__What to do__.
What I need is an exact repeat of the lines from the one with "And here we" through the end of the listing below. Leave out every picture.

__Task material__.

┌────────

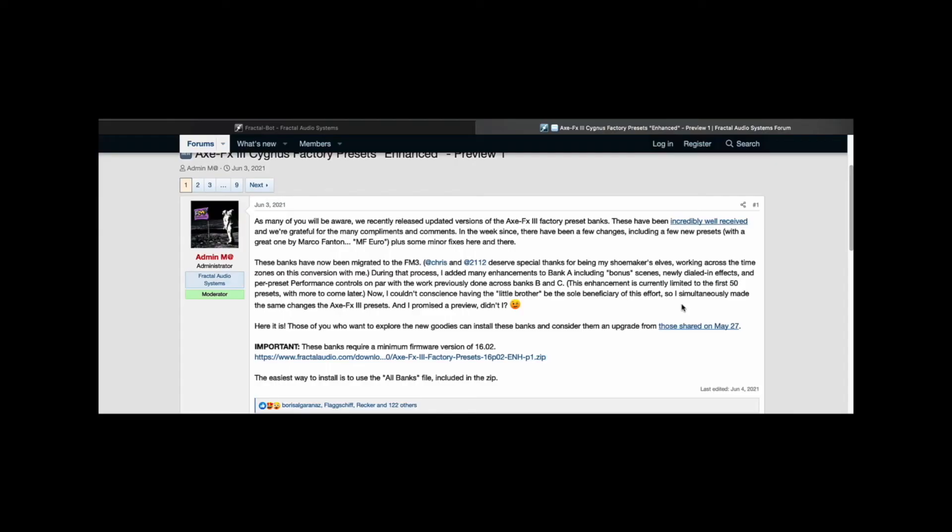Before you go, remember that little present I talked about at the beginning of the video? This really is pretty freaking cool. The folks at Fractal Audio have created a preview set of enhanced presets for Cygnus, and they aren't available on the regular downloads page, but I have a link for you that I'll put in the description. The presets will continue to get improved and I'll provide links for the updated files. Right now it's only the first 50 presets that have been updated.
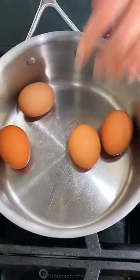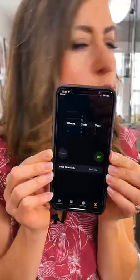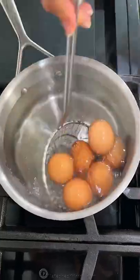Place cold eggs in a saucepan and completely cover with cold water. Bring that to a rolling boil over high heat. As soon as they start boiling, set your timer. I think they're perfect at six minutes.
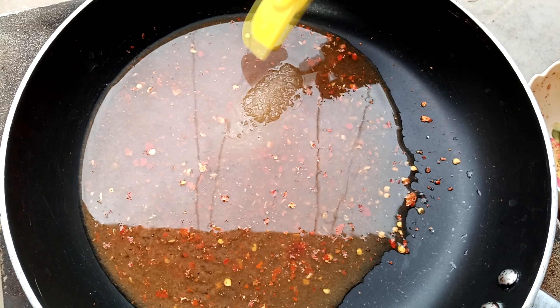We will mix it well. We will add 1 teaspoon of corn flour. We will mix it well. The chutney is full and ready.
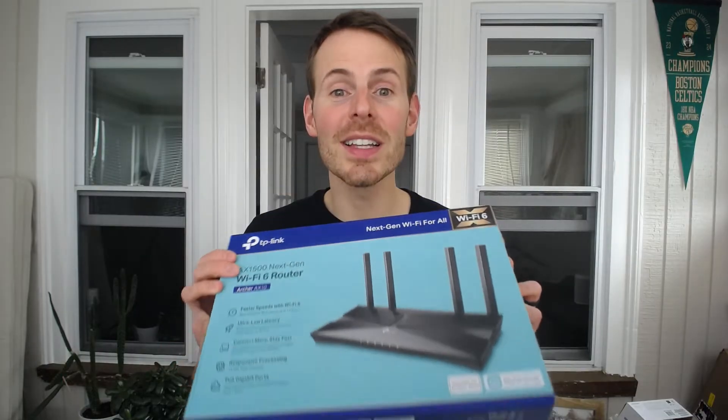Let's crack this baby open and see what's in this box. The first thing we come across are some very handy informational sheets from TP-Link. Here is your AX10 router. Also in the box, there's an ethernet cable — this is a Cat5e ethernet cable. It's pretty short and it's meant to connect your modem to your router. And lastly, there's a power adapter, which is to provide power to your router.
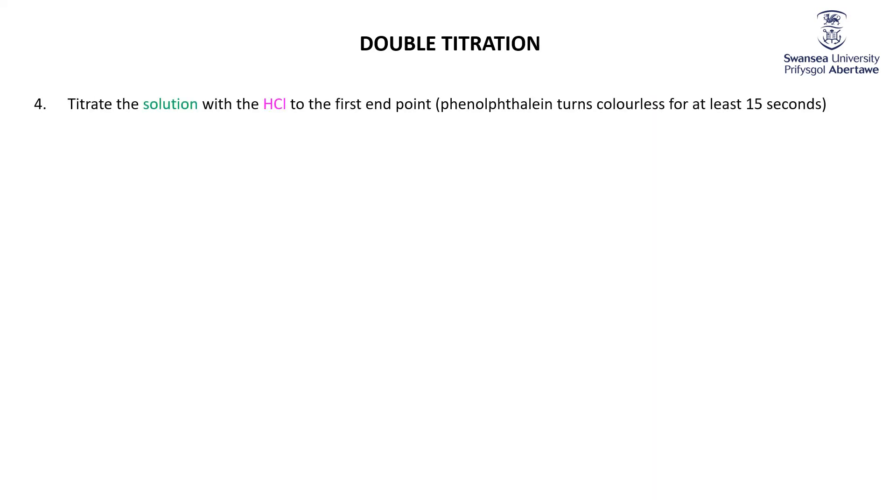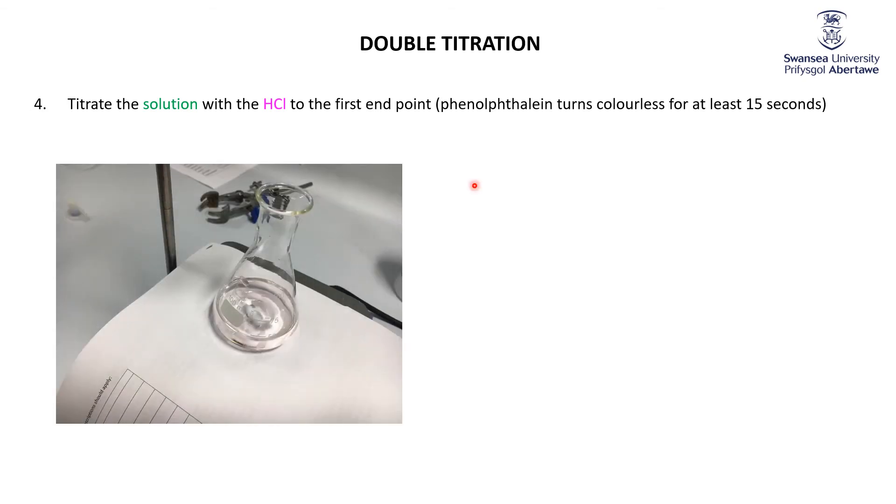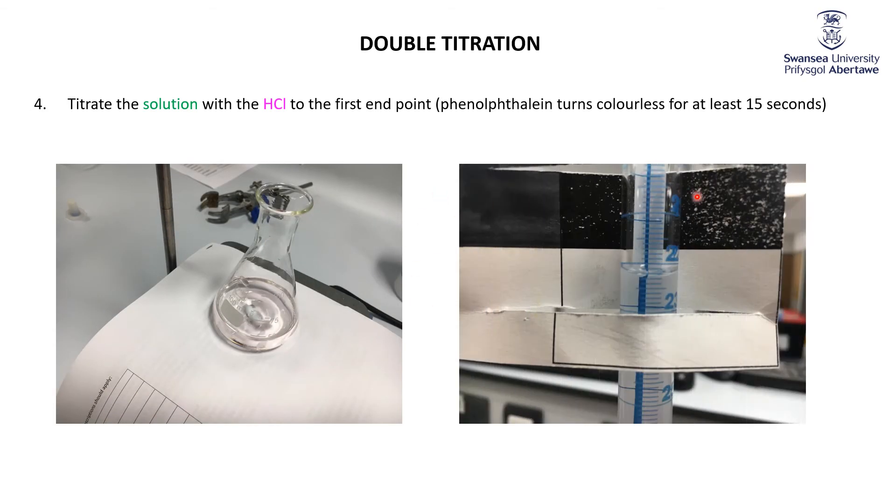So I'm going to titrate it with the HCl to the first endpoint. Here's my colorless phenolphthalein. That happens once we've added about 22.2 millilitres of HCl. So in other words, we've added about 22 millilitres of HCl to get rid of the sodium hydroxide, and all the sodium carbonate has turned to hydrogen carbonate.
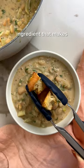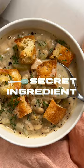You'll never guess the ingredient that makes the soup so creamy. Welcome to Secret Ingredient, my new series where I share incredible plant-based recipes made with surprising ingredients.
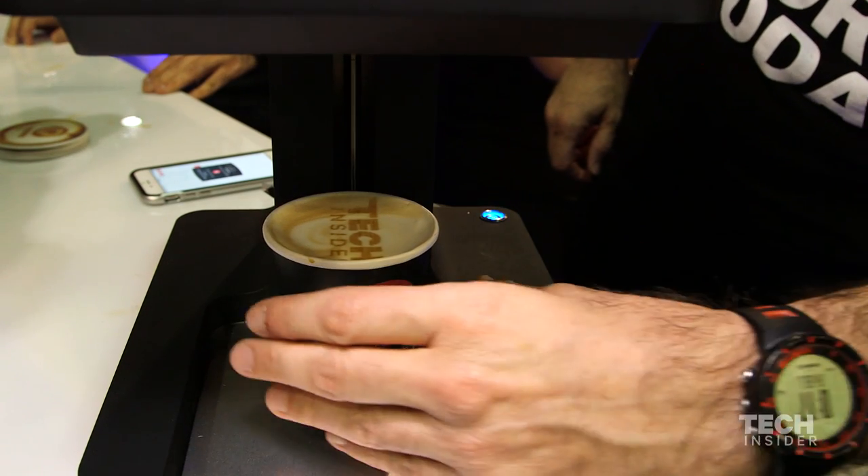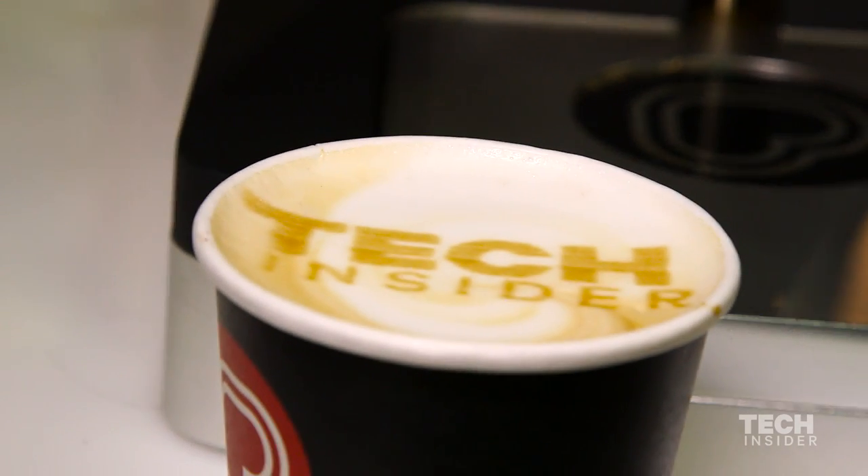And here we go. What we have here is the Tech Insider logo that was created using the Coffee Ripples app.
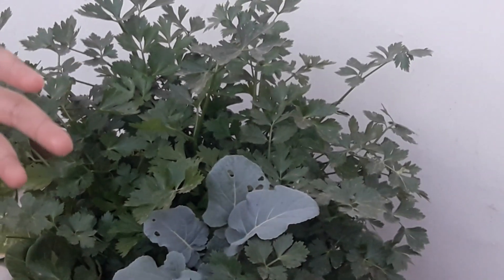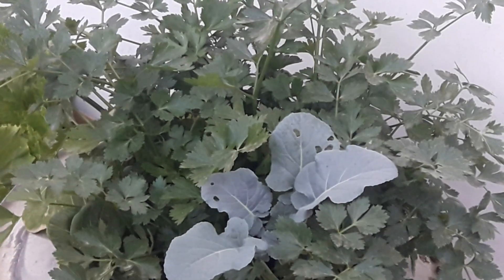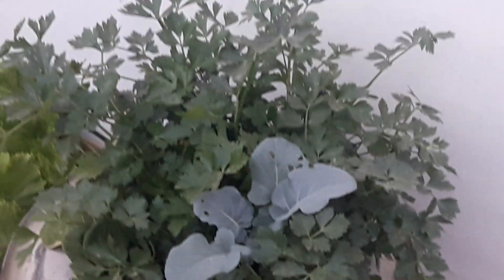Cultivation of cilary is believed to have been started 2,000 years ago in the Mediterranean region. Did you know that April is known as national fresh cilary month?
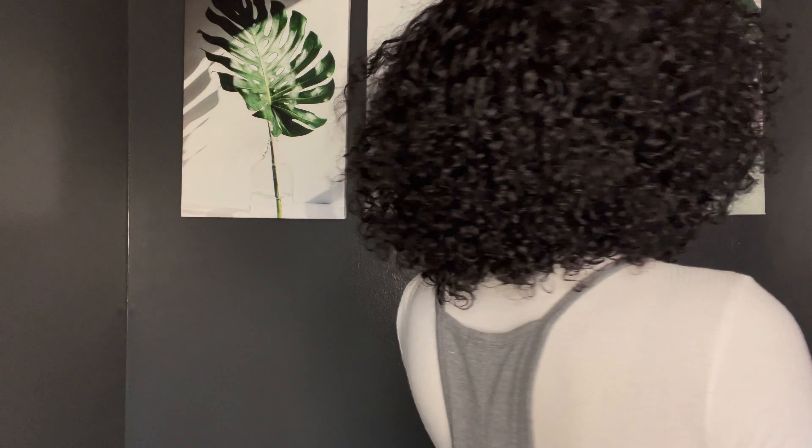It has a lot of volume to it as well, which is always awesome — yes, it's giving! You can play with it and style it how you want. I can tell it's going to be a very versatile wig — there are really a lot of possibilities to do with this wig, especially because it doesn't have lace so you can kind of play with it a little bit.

└────────

__Response to this exercise__.
And here we go. What we have here is the Tech Insider logo that was created using the Coffee Ripples app.
Cultivation of cilary is believed to have been started 2,000 years ago in the Mediterranean region. Did you know that April is known as national fresh cilary month?
It has a lot of volume to it as well, which is always awesome — yes, it's giving! You can play with it and style it how you want. I can tell it's going to be a very versatile wig — there are really a lot of possibilities to do with this wig, especially because it doesn't have lace so you can kind of play with it a little bit.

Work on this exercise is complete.